Codeascraft.com

Building a Better Mobile Crash Analytics Platform

2016-11-04

‘Crashcan’ (think trashcan, but for crashes) is Etsy’s internal application for mobile crash analytics. We use an external partner to collect and store crash and exception data from our mobile apps, which we then ingest via their API. Crashcan is a single-page web app that refines and better exposes the crash data we receive from our external partner.

Crashcan gives us extra analysis of our crashes on top of what our partner offers. We can make less cautious assumptions about our stack traces internally, which allows us to group more of them together. It connects crashes to our user data and internal tooling. It allows us to search for crashes in a range of versions. It’s provided a good balance between building our own solution from scratch and completely relying on an external partner. We get the ability to customize our mobile crash reporting without having to maintain an entire crash reporting infrastructure.
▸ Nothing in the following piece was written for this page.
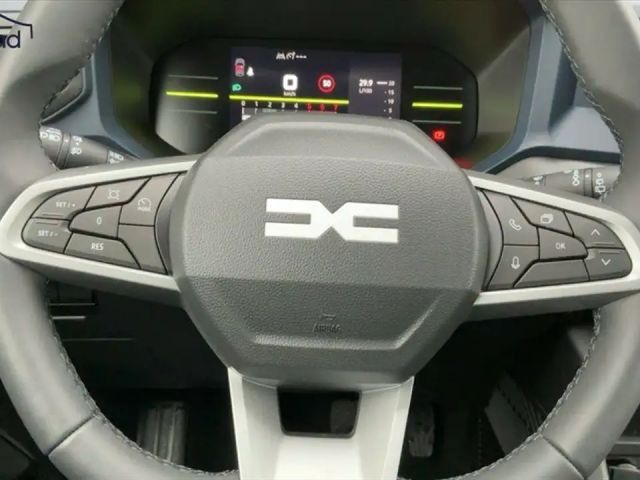 Dacia Bigster 1,2 TCE (MHEV) Expression Keyless Navi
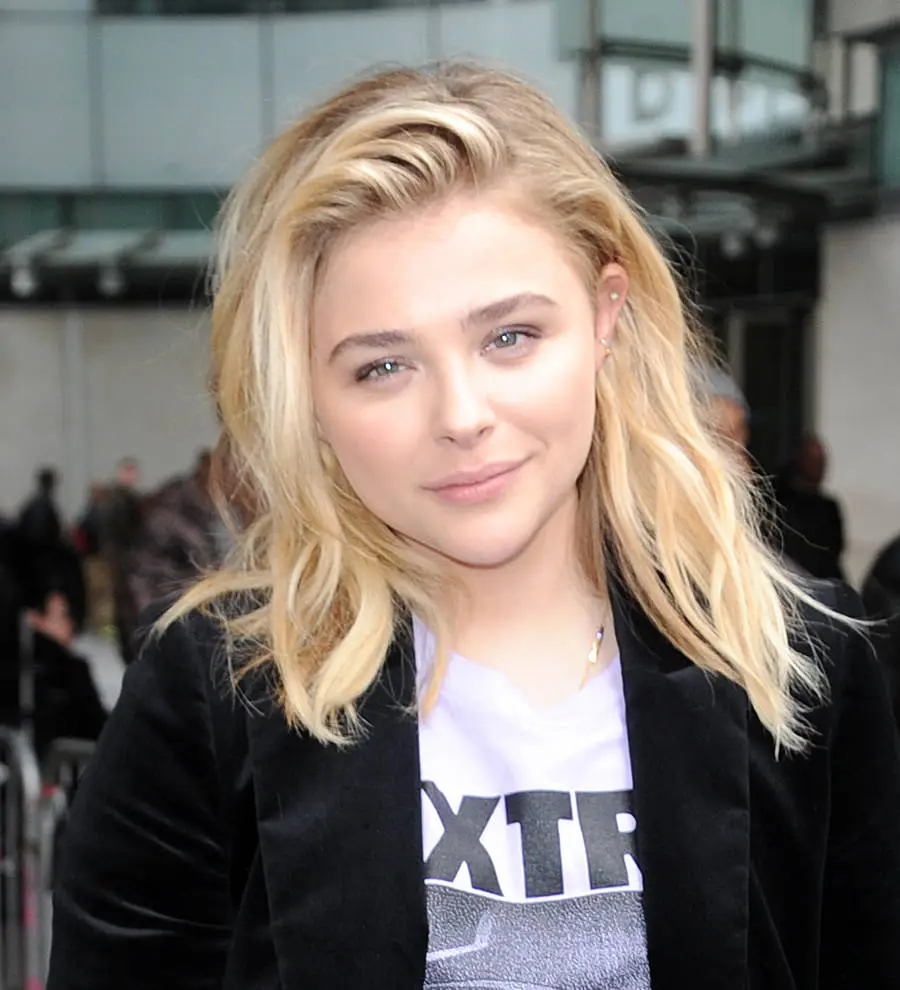 Chloe Grace Moretz: 'I called out Kim Kardashian for not promoting body confidence'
Error Reporting – The Web vs. Mobile

Unfortunately, collecting mobile crashes and exceptions is (of necessity) quite different from most error reporting on the web, in several ways:

On the web (especially the desktop web), we can be fairly confident that a user is online – they’re less prone to flaky or slow connections. Plus, users don’t expect to be able to access the web when they don’t have a connection.

‘Crashes’ are very different on the web, so many exceptions and errors are less severe. Sure, users may need to refresh a page, but it’s rare that a web page will crash their browser.

We can watch graphs and logs live as we deploy on the web (hooray, continuous deployment!) – and it’s clear if hundreds or thousands of exceptions start pouring in. With our mobile apps, however, we have to wait for users to install new versions after a release makes it to the App Store. Only then do we get to see exceptions.

With mobile, when a crash occurs, we normally can’t send the crash until the app is launched again (with a data connection) – in some cases, this can be days or weeks.

App crashes are costly to the user, as the app crashing loses the user’s state. On the web, even if a page breaks for some reason, the user keeps their browser history.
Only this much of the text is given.